DancingBox: A Lightweight MoCap System for Character Animation from Physical Proxies
This addresses the problem of high cost and expertise barriers in character animation for novice animators, representing an incremental improvement by adapting existing methods to a new application.
The paper tackles the problem of making motion capture accessible to novices by introducing DancingBox, a lightweight vision-based system that uses everyday objects as proxies to generate character animations, with a user study showing it enables intuitive animation using diverse proxies.

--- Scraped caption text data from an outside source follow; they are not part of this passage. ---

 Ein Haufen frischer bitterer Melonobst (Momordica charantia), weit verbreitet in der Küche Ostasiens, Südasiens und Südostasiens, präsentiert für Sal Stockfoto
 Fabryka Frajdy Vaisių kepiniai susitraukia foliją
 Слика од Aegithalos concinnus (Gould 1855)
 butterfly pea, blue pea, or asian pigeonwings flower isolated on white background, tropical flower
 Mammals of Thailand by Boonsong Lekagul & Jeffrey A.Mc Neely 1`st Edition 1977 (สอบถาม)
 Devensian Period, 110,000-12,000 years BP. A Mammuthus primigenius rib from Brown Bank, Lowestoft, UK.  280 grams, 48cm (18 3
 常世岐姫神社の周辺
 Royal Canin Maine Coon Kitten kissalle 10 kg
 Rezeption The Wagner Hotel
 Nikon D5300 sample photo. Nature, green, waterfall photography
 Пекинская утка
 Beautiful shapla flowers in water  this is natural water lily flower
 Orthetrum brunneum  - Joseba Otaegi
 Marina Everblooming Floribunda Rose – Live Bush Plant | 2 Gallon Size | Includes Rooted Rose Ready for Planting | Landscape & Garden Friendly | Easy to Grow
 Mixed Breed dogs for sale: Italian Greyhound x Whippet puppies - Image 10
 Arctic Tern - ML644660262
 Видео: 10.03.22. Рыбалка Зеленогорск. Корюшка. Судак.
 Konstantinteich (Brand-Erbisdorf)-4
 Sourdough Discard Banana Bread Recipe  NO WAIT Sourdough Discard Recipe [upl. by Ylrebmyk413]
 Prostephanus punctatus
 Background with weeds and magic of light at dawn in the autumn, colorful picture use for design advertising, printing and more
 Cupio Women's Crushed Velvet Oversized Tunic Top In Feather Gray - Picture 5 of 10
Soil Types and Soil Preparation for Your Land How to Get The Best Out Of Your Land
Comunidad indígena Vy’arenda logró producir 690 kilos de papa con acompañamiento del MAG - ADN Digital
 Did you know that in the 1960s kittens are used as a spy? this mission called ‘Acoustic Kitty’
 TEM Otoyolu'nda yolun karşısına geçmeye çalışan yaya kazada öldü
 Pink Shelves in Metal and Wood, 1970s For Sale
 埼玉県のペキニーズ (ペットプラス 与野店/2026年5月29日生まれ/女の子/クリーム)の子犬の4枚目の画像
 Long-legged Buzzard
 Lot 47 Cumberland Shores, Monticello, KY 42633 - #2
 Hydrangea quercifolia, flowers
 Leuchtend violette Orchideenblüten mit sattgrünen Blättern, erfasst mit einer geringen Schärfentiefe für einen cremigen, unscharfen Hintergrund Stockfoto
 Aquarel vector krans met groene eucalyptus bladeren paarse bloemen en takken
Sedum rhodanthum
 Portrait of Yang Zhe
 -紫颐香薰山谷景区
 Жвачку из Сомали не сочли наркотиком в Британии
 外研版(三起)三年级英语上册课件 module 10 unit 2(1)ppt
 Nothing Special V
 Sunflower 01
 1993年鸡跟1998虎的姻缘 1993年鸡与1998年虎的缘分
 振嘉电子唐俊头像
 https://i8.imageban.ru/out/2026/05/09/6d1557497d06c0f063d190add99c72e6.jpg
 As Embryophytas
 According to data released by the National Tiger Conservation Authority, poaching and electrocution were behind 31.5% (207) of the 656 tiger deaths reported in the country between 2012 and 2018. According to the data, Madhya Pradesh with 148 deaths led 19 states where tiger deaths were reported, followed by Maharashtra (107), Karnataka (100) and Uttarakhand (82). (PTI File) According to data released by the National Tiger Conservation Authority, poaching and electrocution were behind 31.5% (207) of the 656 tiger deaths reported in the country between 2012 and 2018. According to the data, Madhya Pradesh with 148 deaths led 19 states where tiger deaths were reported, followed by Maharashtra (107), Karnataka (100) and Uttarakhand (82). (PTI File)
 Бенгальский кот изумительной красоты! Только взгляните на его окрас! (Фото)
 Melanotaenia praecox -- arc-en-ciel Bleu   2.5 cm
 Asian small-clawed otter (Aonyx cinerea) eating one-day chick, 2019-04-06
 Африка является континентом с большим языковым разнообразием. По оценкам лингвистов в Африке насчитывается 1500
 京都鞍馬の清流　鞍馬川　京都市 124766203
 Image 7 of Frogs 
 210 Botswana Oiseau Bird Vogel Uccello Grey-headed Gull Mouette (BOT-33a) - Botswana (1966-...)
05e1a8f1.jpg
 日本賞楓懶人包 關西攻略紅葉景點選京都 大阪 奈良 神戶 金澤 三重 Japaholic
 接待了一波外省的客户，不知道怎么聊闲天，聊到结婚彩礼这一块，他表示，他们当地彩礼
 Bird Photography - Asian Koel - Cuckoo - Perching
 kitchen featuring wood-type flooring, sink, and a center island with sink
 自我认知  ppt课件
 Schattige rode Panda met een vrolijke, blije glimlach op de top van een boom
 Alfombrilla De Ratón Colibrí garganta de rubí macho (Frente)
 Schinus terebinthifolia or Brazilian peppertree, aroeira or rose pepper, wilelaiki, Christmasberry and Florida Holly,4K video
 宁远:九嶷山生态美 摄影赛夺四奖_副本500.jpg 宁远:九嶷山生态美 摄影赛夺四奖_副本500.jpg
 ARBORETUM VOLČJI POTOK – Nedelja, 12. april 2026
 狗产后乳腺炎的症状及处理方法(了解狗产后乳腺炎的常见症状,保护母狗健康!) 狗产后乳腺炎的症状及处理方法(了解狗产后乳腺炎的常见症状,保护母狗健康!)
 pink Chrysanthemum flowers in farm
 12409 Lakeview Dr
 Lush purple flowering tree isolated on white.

Creating compelling 3D character animations typically requires either expert use of professional software or expensive motion capture systems operated by skilled actors. We present DancingBox, a lightweight, vision-based system that makes motion capture accessible to novices by reimagining the process as digital puppetry. Instead of tracking precise human motions, DancingBox captures the approximate movements of everyday objects manipulated by users with a single webcam. These coarse proxy motions are then refined into realistic character animations by conditioning a generative motion model on bounding-box representations, enriched with human motion priors learned from large-scale datasets. To overcome the lack of paired proxy-animation data, we synthesize training pairs by converting existing motion capture sequences into proxy representations. A user study demonstrates that DancingBox enables intuitive and creative character animation using diverse proxies, from plush toys to bananas, lowering the barrier to entry for novice animators.